7.2. Binary Search Trees¶
7.2.1. Binary Search Tree Definition¶
A binary search tree (BST) is a binary tree that conforms to the following condition, known as the binary search tree property. All nodes stored in the left subtree of a node whose key value is \(K\) have key values less than or equal to \(K\). All nodes stored in the right subtree of a node whose key value is \(K\) have key values greater than \(K\). Figure 7.3.1 shows two BSTs for a collection of values. One consequence of the binary search tree property is that if the BST nodes are printed using an inorder traversal, then the resulting enumeration will be in sorted order from lowest to highest.
Here is a class declaration for the BST.
Recall that there are various ways to deal with
keys and
comparing records
Three typical approaches are key-value pairs,
a special comparison method such as using the Comparator
class,
and passing in a comparator function.
Our BST implementation will require that records implement the
Comparable
interface.
// A dictionary implemented using a binary search tree.
class BSTMap<K extends Comparable<K>, V> implements Map<K, V> {
Node root = null; // The root of the binary search tree.
int treeSize = 0; // The size of the tree.
// A node in a binary search tree.
class Node {
K key;
V value;
Node left;
Node right;
Node(K key, V value, Node left, Node right) {
this.key = key;
this.value = value;
this.left = left;
this.right = right;
}
}
// Check that the invariant holds.
void checkInvariant() {
int size = checkInvariantHelper(root, null, null);
if (size != treeSize)
throw new AssertionError("wrong tree size");
}
// Recursive helper method for 'check_invariant'.
// Checks that the node is the root of a valid BST, and that
// all keys k satisfy lo < k < hi.
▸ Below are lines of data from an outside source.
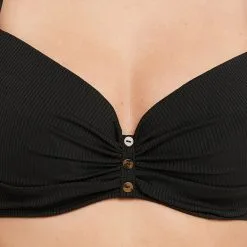 Lotus MAILLOT DE BAIN AMPLIFORME NOIR -Collants importe boutique 20020900 Z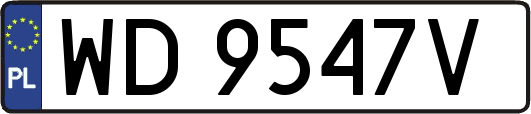 WD9547V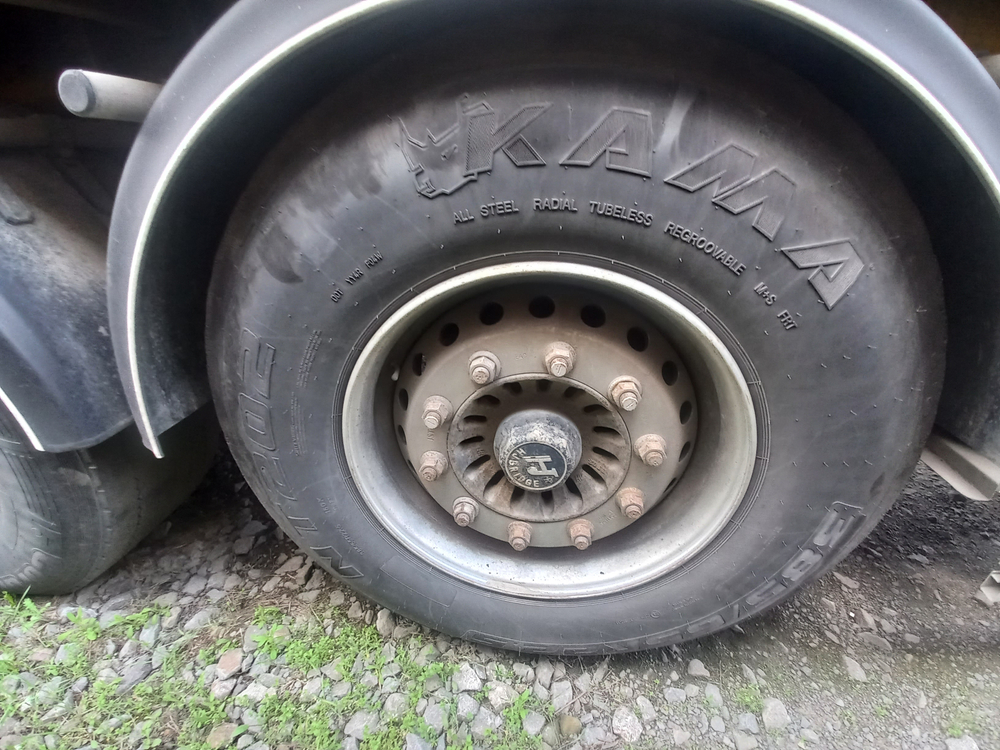 BONUM 9142* Полуприцеп зерновоз 914295-02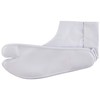 Fukusuke 3462A008 Special Broad Tabi Socks, 4 Pieces, Kofobe, Smooth
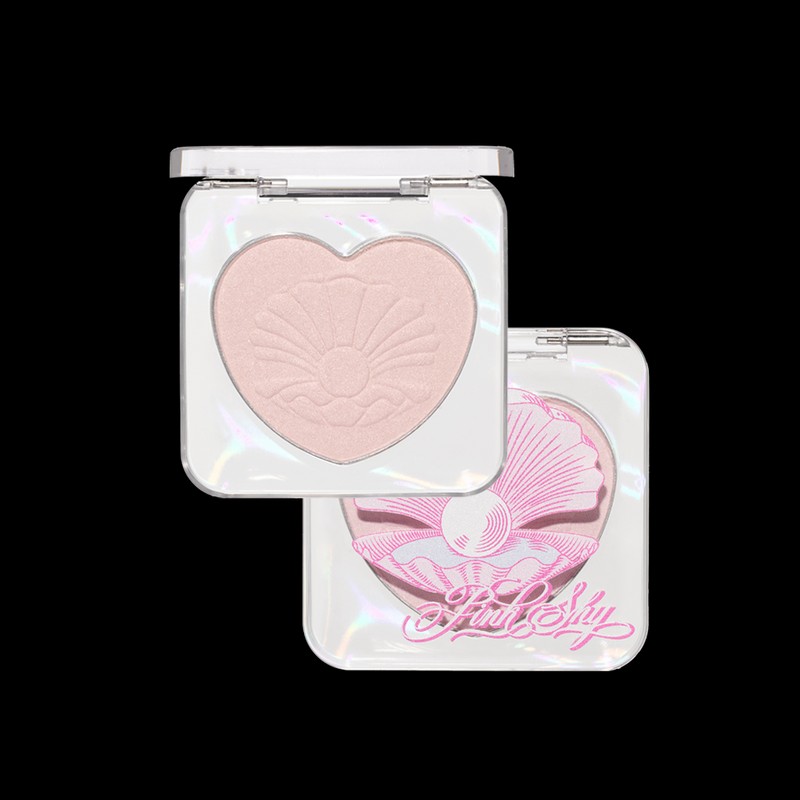 Etude House [Etude] [Pink Shy] Heart Pop Blusher 4g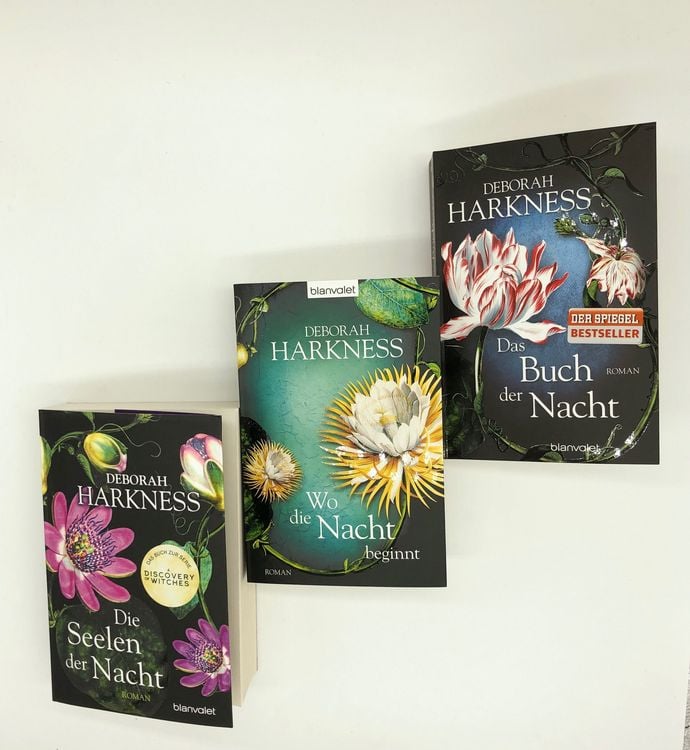 Produktbild: Das Buch der Nacht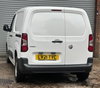 Vauxhall Combo 1.5 Turbo D 2000 Dynamic L1 H1 Euro 6 4dr 4dr Manual 2026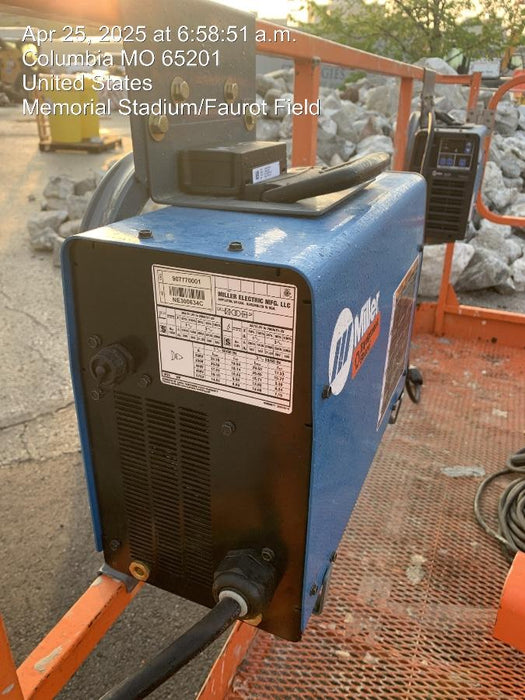 2024 MILLER ELECTRIC CST-282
The test lo < k is skipped
// if lo is None, and k < hi is skipped if hi is None.
// Also, it returns the size of the tree.
int checkInvariantHelper(Node node, K lo, K hi) {
if (node == null) return 0;
if (lo != null && node.key.compareTo(lo) <= 0)
throw new AssertionError("key too small");
if (hi != null && node.key.compareTo(hi) >= 0)
throw new AssertionError("key too big");
// Keys in the left subtree should be < node.key
// Keys in the right subtree should be > node.key
return 1 +
checkInvariantHelper(node.left, lo, node.key) +
checkInvariantHelper(node.right, node.key, hi);
}
// Return true if there are no keys.
public boolean isEmpty() {
return root == null;
}
// Return the number of keys.
public int size() {
return treeSize;
}
// Return true if the key has an associated value.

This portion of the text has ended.